Wing - Ribs

2004-01-15 - Drilled wing conduit holes. (2.0 Hrs).

I'm back working on the wings, since I finished laying out my circuit boards for my nav/strobe lights. I ordered boards and more LEDs.

I drilled the holes in all of the main wing ribs for the wiring conduit. I decided to drill the holes between the two largest holes. One in the upper part of the rib, and one in the lower part of the rib. Van's instructions suggested to enlarge the rib tooling hole, but I looked at this pretty close, and there is no way to get the conduit through there. The aileron bellcrank gets in the way. The spots that I chose are above and below the aileron push rod, and do not interfere with anything that I can see.

I decided to drill two holes in case my LED strobes do not work out and I have to use regular 350 volt strobes. I am planning on putting the comm antenna in one of the wing tips, and I do not want to run the high voltage strobe line next to an antenna cable.
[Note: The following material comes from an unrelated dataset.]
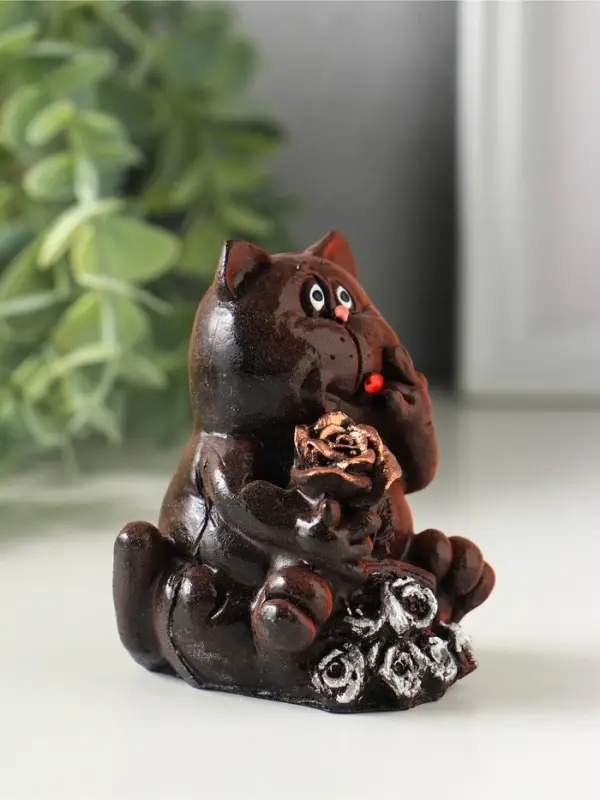 Фигурка &laquo;Кот с цветами&raquo;, 7&times;5&times;6.5 см, МИКС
I'm hoping that 6" is enough separation. If I need just one line, I can decide at the last minute which to use.

Per some other websites, I made a template to help drill the holes in the same spot in each rib. After two ribs I figured-out that the easiest way was to drill two ribs--one left, and one right. Then all you do is use the left rib as a template to drill all of the right ribs and you use the right rib to drill all of the left ribs. Simply hold the ribs back to back.

BTW, I like Van's conduit, because it is not split. I found plastic conduit locally at Home Depot, Harbour Frieght, etc, but all of them are split. The split might make it hard to suck a new guide string down the tube later on. I know you should tie a string in there, but strings tend to fall out.

Left and right rib, back-to-back. Initially, I used two drills as guides to help align the ribs, but this is not needed. Simply match-up the tooling holes, hold the ribs by hand, and drill the new holes. These don't have to be perfectly matched. The conduit will bend. I just don't want to be too sloppy.
Next, you use a unibit to enlarge each hole. My unibit is not quite big enough for Van's conduit, so I have to use a deburring tool to finish enlarging each hole. I only enlarged two ribs today, so I still have a few to do. I can see this is going to take awhile to finish.
I bought two inexpensive steel eye bolts from Home Depot, so I tapped the hole for the eye bolt in one of the wing tie-downs. They look pretty strong, but they are not cast iron like Van's. Then again, $.60 .vs. $3.50 (each).